Pour faire simple, si on comprend dès à présent qu’on peut s’affranchir de l’entrave de la langue, on comprendra alors l’incroyable portée et les enjeux que cela va changer. Le champ de possibilités et d’avantages qui vont en découler sera illimité.
Et le digital local dans tout ça?
Ils n’auront pas le choix. Le prochain leader de l’actualité online sera le portail qui est capable de parler les 3 langues, français, wolof, poular (en attendant le serere, le diola, et les autres) et cela selon le device de l’utilisateur. L’objectif de toute création digitale étant de capter aussi bien l’utilisateur, l’usager et le passant, il est primordial pour nos portails d’infos, site d’annonces et sites e-commerces de s’adapter au web local avec du contenu local.
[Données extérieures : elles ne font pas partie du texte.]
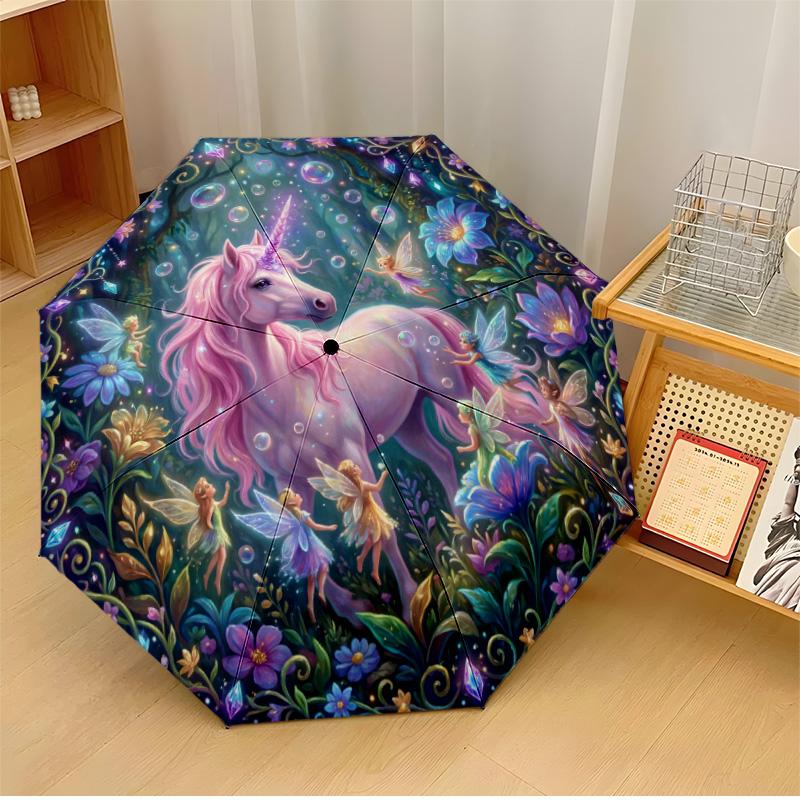 

Fantasy Unicorn Rainbow (1) Printed umbrella windproof folding umbrella portable sun and rain umbrella suitable for gifting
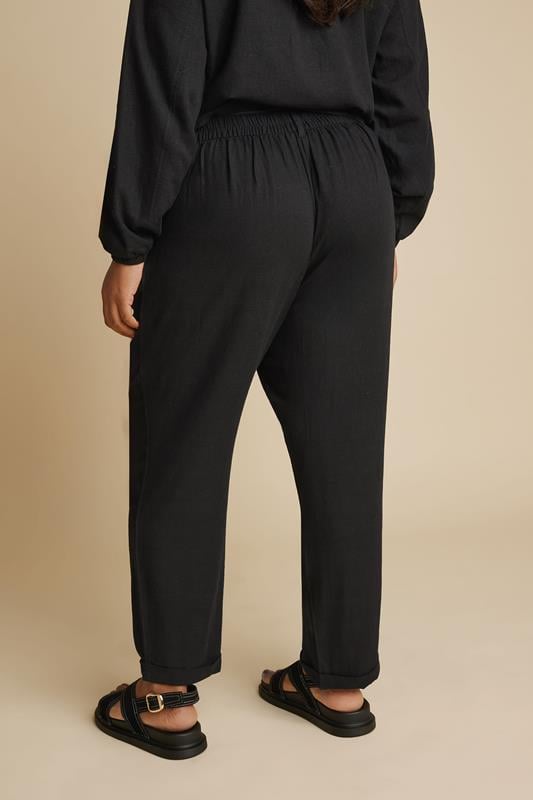Evans YOURS Curve Black Formal Linen Trousers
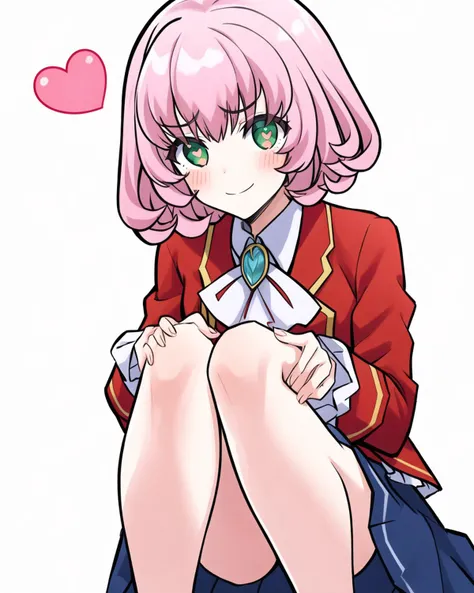 Pipi, solo, 1girl, long sleeves, looking at viewer, closed mouth, bangs, simple background, smile, heart-shaped pupils, brooch, shirt, blush, red jacket, skirt, knees,   white background, sky, holding own legs, 
<lora:wataoshi_EP01to10-loha-bundle-30000:1:1>, <lora:GoodHands-vanilla:1>, <lora:kohakuV5_rev2:0.4>, two-tone_background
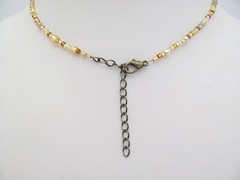 Gold Glass Choker Necklace Mixed Shape Boho Seed Bead Summer Spring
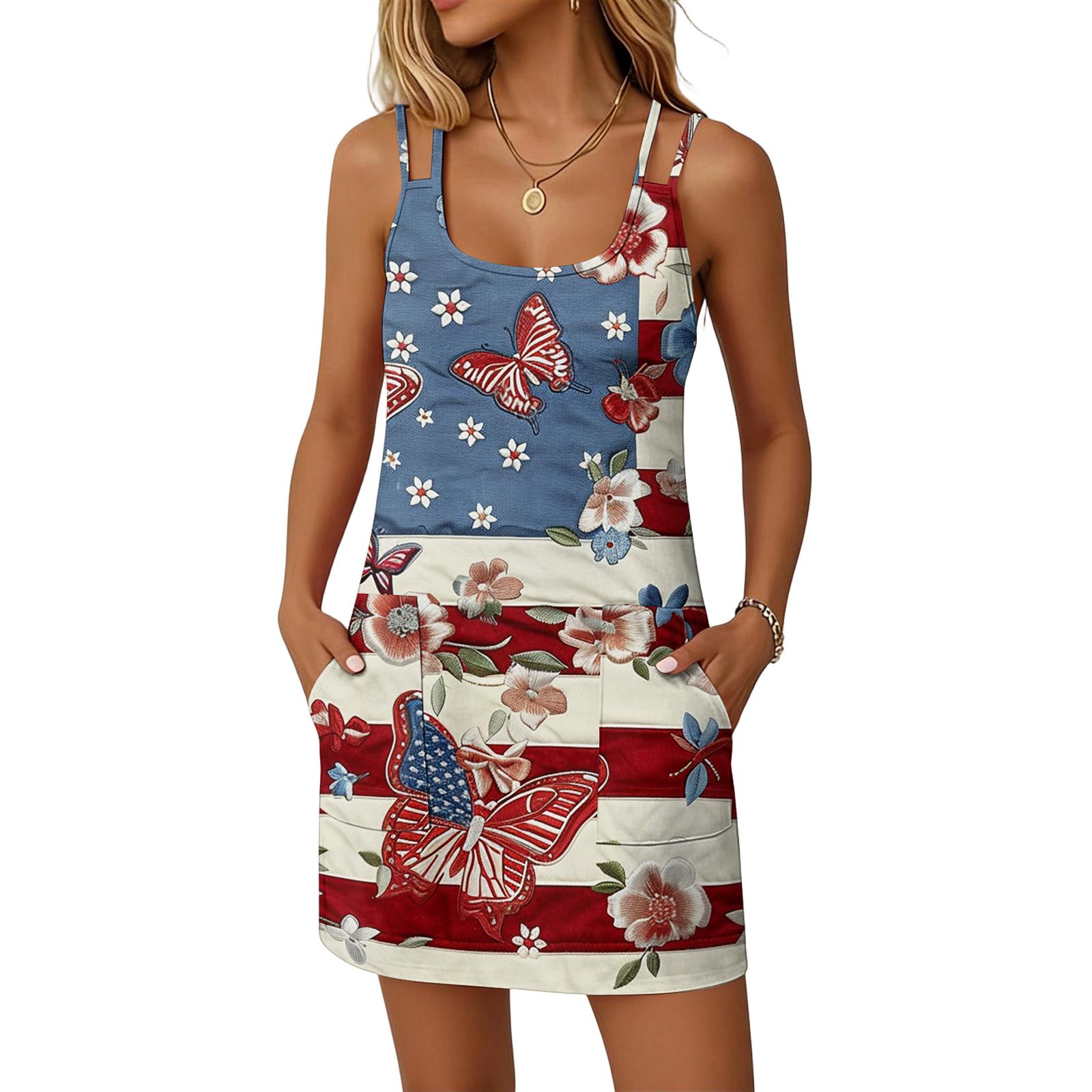 Women’s Fashionable Casual Independence Day Printed Dress, Double-Strap Dress With Pockets L синий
En effet les quelques millions d’internautes locaux représentent une goutte d’eau par rapport à l’océan de personnes à avoir dans son silo d’audience. Une différenciation majeure se dessine donc à l’horizon pour le digital local.
Faire parler un Expat ou Seneweb en wolof ou peulh ne fera qu’élargir le champ d’audience vers un nouveau segment et en conséquence avoir un impact réel et mesurable sur le chiffre d’affaire.
L’objectif n’est pas de limiter le web à une carte géographique mais plutôt d’avoir une carte composée d’un amas de consciences s’exprimant sur une langue donnée de s’affranchir du territoire qui semble les limiter pour en fin de compte apporter leur contribution au web.
PS : Merci à kaw Ibrahima Malal Saar pour le travail remarquable qu’il accomplit depuis un certain nombre d’années sur le portage de FireFox et Mozilla dans la langue Foulfoulbé.